Pour clôturer une semaine qui fut, la faute à Mike Leigh et à Christophe Honoré, particulièrement sinistre, cherchons un sujet qui redonnera le sourire. Cela fait plusieurs semaines que je me dis qu'il serait temps de faire découvrir au fiston l'oeuvre de Jacques Tati. Mais moi qui pensait trouver facilement les DVD, je me suis retrouvé le bec dans l'eau en parcourant tous les supermarchés culturels de la région. Pas un seul titre en rayon. Anciennes éditions épuisées, manque de demande ou politique du tout nouveauté ? Un peu des trois, je suppose. Il faudra donc que je passe par internet...

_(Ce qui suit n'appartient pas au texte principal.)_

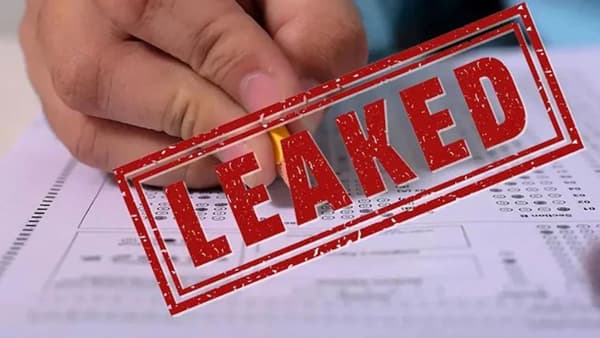 Nagpur Paper Leak : एक विद्यार्थीनी वारंवार वॉशरुमला जात होती, त्यानंतर तीन पेपर फुटल्याचे समजले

Mes sentiments envers les films de Tati ne s'éloignent guère de l'opinion générale (en attendant vos avis éventuellement contraires) : quatre films extraordinaires et des réserves sur Trafic. Je me rappelle, à propos de ce dernier, d'un film agréable mais par moments ennuyeux. Toutefois, je dois avouer ne l'avoir vu qu'une fois, contrairement aux autres, et il y a bien longtemps de cela.
Même si je pinaillerai un poil sur Mon oncle, à la poésie un peu gentillette, les trois films qui bornent les années 50, sont, à la découverte, assez stupéfiants. Il est rare de ressentir à ce point un sentiment de nouveauté, qui plus est dans le genre de la comédie française. Playtimeest bien sûr encore à part. Le rire y est sans doute moins direct (quoique la longue séquence de la party égale sur ce plan-là les nombreux équivalents, souvent à hurler de rire, que l'on trouve chez Blake Edwards), Tati plaçant quantité de gags "dans les coins" en faisant une confiance sans limite au spectateur.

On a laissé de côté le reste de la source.